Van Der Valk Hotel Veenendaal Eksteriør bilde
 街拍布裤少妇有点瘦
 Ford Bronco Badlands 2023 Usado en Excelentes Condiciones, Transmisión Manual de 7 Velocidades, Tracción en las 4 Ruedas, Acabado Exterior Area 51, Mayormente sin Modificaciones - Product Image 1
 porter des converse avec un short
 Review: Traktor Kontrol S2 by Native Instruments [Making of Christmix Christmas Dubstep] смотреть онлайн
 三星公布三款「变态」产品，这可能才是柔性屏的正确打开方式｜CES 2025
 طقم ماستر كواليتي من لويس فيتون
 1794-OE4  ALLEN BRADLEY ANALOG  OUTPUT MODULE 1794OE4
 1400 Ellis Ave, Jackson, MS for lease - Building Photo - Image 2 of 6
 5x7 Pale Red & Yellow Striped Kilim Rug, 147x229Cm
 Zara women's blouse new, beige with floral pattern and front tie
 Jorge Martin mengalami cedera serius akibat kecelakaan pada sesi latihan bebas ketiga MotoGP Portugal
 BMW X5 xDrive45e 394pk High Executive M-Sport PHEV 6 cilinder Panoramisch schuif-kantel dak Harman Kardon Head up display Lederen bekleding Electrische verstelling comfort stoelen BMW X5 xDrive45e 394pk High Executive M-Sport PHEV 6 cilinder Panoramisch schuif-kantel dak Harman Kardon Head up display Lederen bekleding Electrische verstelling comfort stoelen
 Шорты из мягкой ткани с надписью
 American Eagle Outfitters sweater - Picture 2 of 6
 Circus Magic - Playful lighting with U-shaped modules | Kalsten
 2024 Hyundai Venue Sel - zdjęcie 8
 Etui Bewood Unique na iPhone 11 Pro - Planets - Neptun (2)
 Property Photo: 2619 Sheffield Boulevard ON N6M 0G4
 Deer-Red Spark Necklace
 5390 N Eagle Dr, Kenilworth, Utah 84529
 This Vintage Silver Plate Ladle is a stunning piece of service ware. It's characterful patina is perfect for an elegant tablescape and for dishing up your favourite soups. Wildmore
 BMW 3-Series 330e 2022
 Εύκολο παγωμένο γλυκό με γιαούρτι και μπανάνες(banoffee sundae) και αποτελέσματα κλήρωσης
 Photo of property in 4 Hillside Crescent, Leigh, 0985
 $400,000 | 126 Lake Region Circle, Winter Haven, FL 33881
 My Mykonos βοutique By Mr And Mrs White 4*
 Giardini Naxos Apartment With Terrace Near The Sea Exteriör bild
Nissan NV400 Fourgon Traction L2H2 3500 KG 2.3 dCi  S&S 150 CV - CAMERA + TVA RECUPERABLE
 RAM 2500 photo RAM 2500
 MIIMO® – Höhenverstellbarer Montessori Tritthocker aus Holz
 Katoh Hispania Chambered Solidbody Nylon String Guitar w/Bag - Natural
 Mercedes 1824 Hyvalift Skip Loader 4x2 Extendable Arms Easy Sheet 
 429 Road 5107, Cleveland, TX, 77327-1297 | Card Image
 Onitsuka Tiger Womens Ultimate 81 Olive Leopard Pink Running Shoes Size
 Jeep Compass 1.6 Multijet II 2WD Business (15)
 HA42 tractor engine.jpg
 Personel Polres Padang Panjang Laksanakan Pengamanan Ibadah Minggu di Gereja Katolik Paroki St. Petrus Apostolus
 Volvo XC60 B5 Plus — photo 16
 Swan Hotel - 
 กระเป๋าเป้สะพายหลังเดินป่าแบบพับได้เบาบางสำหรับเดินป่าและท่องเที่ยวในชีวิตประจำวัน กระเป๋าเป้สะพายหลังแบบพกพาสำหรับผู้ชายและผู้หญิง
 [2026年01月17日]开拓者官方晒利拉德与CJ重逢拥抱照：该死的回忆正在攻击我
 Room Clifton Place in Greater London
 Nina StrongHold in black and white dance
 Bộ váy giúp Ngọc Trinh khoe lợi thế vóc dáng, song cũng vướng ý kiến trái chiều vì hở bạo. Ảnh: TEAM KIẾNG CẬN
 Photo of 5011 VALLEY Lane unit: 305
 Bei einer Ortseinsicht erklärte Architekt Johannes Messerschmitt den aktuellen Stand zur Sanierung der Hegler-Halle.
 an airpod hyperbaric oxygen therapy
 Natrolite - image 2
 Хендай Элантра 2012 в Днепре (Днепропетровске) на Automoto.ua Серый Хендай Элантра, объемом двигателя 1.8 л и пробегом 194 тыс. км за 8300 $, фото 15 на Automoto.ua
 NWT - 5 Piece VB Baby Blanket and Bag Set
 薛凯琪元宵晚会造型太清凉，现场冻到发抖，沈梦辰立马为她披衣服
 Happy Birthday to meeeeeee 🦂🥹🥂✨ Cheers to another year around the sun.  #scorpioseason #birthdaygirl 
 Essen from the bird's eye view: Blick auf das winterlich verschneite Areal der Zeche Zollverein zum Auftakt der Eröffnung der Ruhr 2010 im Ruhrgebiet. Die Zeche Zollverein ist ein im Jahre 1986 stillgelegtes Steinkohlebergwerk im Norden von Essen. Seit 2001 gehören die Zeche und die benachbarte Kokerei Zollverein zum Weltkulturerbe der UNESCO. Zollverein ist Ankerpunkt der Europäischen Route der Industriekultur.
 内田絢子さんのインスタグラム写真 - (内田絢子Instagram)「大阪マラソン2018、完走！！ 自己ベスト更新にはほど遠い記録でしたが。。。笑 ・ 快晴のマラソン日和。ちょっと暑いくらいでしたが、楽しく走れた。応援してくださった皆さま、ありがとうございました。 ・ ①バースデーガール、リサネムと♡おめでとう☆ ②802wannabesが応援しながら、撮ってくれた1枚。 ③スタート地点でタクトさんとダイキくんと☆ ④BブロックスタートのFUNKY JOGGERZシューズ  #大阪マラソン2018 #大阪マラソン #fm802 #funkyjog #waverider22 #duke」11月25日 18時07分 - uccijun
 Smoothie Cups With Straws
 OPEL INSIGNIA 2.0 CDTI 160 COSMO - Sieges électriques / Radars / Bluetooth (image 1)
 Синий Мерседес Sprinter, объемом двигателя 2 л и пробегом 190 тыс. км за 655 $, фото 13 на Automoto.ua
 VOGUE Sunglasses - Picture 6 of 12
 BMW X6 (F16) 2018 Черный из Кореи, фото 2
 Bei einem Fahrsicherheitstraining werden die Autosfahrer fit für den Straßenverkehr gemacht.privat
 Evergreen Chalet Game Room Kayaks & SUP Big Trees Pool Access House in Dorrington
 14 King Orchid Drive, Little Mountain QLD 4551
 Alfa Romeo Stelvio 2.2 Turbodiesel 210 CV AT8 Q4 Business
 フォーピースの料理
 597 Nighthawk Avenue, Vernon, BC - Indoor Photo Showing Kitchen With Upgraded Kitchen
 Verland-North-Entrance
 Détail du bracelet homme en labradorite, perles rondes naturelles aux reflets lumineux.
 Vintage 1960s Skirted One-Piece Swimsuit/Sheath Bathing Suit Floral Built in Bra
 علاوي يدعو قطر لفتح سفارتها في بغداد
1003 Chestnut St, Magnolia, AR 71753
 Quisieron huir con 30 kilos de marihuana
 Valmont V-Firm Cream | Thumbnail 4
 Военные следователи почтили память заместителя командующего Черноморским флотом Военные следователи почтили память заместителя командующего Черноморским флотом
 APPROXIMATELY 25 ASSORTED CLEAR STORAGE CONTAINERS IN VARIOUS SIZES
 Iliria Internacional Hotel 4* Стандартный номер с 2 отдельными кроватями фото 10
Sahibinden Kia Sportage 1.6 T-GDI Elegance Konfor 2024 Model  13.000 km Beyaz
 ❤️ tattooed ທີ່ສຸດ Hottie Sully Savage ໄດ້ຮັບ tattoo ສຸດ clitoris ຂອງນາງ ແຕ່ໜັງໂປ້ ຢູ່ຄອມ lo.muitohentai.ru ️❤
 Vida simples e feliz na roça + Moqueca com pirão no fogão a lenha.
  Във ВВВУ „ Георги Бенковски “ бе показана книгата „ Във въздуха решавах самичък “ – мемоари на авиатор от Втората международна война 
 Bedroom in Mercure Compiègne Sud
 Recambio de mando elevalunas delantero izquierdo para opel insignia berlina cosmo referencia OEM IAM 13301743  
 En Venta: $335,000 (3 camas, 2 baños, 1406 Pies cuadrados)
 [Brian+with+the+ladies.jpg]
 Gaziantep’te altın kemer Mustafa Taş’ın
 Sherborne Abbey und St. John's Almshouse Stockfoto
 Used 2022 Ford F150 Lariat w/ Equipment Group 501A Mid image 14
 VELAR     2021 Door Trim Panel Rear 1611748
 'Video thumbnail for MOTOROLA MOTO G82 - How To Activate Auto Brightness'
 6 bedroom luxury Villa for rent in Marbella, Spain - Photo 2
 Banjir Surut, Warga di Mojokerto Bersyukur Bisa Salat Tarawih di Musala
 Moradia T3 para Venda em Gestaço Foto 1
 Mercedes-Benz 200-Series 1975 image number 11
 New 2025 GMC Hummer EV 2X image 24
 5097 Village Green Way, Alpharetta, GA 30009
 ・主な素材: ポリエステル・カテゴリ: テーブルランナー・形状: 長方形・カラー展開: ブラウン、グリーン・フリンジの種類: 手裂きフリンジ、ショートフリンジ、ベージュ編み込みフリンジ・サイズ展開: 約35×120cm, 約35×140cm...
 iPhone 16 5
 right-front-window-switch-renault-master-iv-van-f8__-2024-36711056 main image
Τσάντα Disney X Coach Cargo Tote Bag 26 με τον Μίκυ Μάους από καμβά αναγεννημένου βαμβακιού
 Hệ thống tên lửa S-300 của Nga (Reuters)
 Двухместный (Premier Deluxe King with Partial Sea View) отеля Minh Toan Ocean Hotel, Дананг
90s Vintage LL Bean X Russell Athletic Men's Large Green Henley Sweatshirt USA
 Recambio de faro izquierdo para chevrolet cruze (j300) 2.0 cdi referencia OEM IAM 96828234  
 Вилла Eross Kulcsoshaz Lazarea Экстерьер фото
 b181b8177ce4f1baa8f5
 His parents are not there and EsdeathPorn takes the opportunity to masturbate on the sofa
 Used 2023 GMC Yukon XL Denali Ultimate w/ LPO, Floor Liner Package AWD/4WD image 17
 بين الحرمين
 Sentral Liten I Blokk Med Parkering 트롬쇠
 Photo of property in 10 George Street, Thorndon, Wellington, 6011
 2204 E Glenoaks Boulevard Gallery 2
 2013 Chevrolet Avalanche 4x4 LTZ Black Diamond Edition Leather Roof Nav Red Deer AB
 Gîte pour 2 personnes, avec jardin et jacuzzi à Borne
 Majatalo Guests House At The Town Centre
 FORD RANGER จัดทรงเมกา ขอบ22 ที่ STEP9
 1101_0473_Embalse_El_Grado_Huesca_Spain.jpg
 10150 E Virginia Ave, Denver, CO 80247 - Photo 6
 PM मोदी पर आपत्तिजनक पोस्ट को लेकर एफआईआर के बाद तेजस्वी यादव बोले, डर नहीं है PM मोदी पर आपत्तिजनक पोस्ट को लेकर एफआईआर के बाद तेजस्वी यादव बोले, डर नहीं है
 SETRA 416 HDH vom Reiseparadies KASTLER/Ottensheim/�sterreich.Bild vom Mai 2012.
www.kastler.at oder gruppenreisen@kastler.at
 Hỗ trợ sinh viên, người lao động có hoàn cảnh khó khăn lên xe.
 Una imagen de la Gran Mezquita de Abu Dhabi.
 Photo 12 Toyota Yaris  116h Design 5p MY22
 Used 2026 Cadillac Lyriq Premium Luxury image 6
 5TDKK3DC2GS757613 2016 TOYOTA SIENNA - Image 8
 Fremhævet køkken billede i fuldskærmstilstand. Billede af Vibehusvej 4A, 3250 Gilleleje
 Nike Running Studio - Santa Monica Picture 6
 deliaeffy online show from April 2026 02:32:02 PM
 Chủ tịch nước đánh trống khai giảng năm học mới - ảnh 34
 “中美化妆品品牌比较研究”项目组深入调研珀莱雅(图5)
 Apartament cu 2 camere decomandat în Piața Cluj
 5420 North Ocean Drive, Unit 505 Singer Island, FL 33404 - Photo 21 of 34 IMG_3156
- - - - -
● What you will do
Print exactly the lines of the listing above starting at the line containing "Détail du bracelet" and ending at the line containing "APPROXIMATELY 25 ASSORTED", both included.

● Reply
 Détail du bracelet homme en labradorite, perles rondes naturelles aux reflets lumineux.
 Vintage 1960s Skirted One-Piece Swimsuit/Sheath Bathing Suit Floral Built in Bra
 علاوي يدعو قطر لفتح سفارتها في بغداد
1003 Chestnut St, Magnolia, AR 71753
 Quisieron huir con 30 kilos de marihuana
 Valmont V-Firm Cream | Thumbnail 4
 Военные следователи почтили память заместителя командующего Черноморским флотом Военные следователи почтили память заместителя командующего Черноморским флотом
 APPROXIMATELY 25 ASSORTED CLEAR STORAGE CONTAINERS IN VARIOUS SIZES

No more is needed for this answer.